Ola Electric said its consolidated gross margin expanded sharply to 38.5 per cent in Q4 FY26 from 13.7 per cent a year ago and 34.3 per cent in the December quarter. The company attributed the improvement to vertical integration, the maturity of its Gen 3 platform, and tighter cost controls.

Service Recovery and Sales

The company also highlighted improvements in its service operations, which had faced criticism over the past year. Ola said the average service turnaround time reduced by 88 per cent between October 2025 and March 2026, while service backlog days fell from 14 days to six days. Warranty costs dropped sharply to Rs 59 crore in FY26 from Rs 555 crore in FY25.

Ola Electric said April registrations rose 20 per cent month-on-month to 12,166 units despite the broader electric two-wheeler industry declining more than 22 per cent during the period.

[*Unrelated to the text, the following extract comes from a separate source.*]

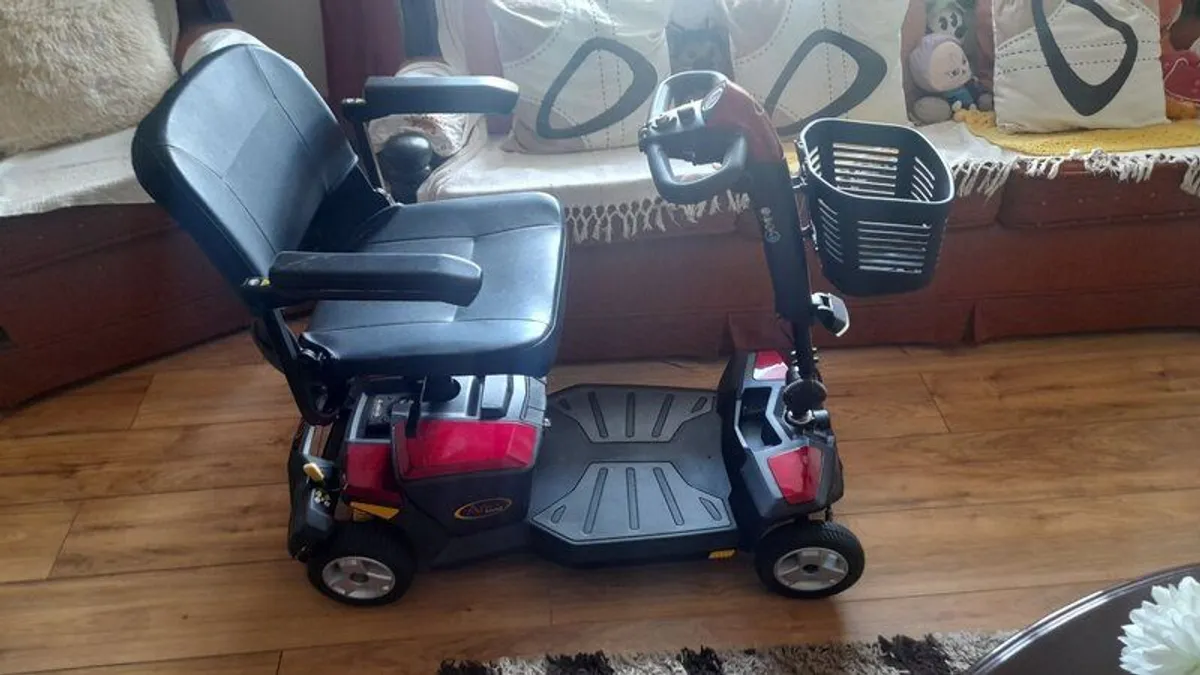 Mobility scooter - Image 1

The company aims to rebuild its national market share to 15-20 per cent over the next six months.

FY27 Outlook

The Bengaluru-based company expects Q1 FY27 orders to range between 40,000 and 45,000 units, nearly double Q4 levels, driven by improving service levels, stronger sales execution, and recovery in demand.

Investor Takeaway

Ola Electric's revenue decline and narrowing net loss may impact investor sentiment in the Auto & Mobility sector.